E come? dando il colpo di grazia alla tutela, operando un vero e proprio mobbing ai danni del personale tecnico-scientifico, smantellando e disarticolando gli archivi, chiudendo gli occhi e pure le orecchie sulle denunce di sottrazioni, furti e svendite, ma soprattutto indirizzando le risorse verso Grandi Eventi, verso Grandi Mostre,  verso grandi “attrattori turistici” peraltro offerti in comodato a sponsor generosi coi quattrini dello Stato, in ossequio a quella concezione di “valorizzazione” intesa come promozione e sfruttamento commerciale che si voleva addirittura introdurre nella Costituzione. O tagliando progressivamente  i fondi per la manutenzione ordinaria e straordinaria del Ministero dei beni culturali,  fino a giungere nel 2015 a meno di 13 milioni di euro (il 36% della programmazione totale); con un ridicolo incremento nel 2017  a 16 milioni (43% della programmazione totale), evidentemente inadeguato alle dimensioni del nostro patrimonio e alla sua fragilità, destinata a crescere via via che lo si abbandona a se stesso.

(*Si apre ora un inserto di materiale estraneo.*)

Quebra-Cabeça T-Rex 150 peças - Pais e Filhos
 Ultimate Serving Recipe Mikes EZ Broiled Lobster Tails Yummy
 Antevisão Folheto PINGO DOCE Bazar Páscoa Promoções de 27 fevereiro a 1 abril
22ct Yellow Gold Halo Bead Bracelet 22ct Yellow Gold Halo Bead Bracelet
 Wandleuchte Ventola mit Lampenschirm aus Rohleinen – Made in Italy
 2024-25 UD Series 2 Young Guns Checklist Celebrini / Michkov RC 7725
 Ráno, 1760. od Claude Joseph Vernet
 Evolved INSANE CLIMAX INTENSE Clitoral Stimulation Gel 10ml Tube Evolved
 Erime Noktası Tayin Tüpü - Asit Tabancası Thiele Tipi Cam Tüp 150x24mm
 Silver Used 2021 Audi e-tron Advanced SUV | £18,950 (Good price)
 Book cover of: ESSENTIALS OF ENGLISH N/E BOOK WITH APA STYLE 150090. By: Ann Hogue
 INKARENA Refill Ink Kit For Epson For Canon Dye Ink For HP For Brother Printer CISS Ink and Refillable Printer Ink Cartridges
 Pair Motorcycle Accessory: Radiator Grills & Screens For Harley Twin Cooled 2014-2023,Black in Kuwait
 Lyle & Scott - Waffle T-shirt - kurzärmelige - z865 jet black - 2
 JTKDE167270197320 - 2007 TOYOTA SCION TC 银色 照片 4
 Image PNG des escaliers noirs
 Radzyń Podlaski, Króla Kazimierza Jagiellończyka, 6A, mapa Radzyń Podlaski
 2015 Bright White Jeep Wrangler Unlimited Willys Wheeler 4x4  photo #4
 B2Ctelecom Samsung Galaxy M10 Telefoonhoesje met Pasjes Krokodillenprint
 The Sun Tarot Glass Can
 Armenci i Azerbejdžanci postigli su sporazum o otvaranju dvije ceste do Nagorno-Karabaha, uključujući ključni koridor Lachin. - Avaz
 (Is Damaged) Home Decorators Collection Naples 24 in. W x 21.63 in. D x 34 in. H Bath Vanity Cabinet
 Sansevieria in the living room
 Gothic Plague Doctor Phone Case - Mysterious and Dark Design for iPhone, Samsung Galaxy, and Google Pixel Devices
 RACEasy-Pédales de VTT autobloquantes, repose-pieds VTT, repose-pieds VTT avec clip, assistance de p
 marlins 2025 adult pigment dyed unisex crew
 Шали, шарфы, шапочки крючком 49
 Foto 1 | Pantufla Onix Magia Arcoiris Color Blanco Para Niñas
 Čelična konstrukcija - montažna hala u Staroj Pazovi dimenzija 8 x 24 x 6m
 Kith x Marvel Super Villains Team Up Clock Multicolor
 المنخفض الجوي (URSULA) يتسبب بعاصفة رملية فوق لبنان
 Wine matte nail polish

La privatizzazione dei beni comuni e del Paese passa anche da qui, da un esecutivo e da una classe politica che si sente obbligata a appagare appetiti insaziabili di potentati, lobby, imprese multinazionali, indebolendo l’apparato statale e la sovranità nazionale, mantenendo però inalterata la funzione di elemosiniere in soccorso di mecenati esosi, come è successo con i restauri del Colosseo quando il valorizzatore privato in veste di ciabattino è stato spalleggiato con un cospicuo contributo pubblico.

Per non dire del più muscolare e superdotato dei privati, la Chiesa che possiede e gestisce un patrimonio enorme (  circa 95.000/ 100 mila chiese, 3.000 biblioteche, circa 28.000 archivi parrocchiali e diocesani, terreni, immobili di pregio, conventi e monasteri, scuole “parificate”, strutture ricettive e canoniche antiche opportunamente trasformate in B&B,   beni privi di carattere sacro, di proprietà di Enti ed Istituzioni ecclesiastiche, beni di proprietà della Santa Sede, beni soggetti a vincolo di destinazione al culto, beni di interesse religioso di proprietà di Enti ed Istituzioni ecclesiastiche), ma non paga Imu e che governa i suoi beni in base a valori e   requisiti proprietari ma anche di culto e di evangelizzazione. Principio questo che vale anche per la loro conservazione e restauro: Santa Sede e Repubblica Italiana (successivamente Regioni e Comuni), nel rispettivo ordine, collaborano nella tutela del patrimonio storico ed artistico, al fine di armonizzare l’applicazione della legge italiana, con le esigenze di carattere religioso. Gli organi competenti delle due parti in ottemperanza dell’art.12  della revisione concordataria del 1984 sono tenute a cooperare  per la conservazione e la consultazione; ciò significa  però, e non sorprende, che la consultazione dipende dalla sola autorità ecclesiastica, la conservazione dipende invece sia da quella ecclesiastica sia da quella statale. Resta aperto dunque l’interrogativo: chi paga? Chi deve mettere i soldi per la tutela e il restauro dell’esistente a fronte della smania costruttiva che invece di sanare quello che c’è ha realizzato in 30 anni almeno 3 mila nuove chiese, mentre immobili destinati al culto e di qualità artistica elevata restano chiusi e abbandonati o in altri  si sospendono gli interventi di ripristino e messa in sicurezza per riaprire all’evangelizzazione e pure alla “valorizzazione” turistica.

È che, come è successo in S.Croce, non sempre il culto va d’accordo con la cultura. E mai quello che abbiamo permesso venisse prestato o ceduto torna nostro.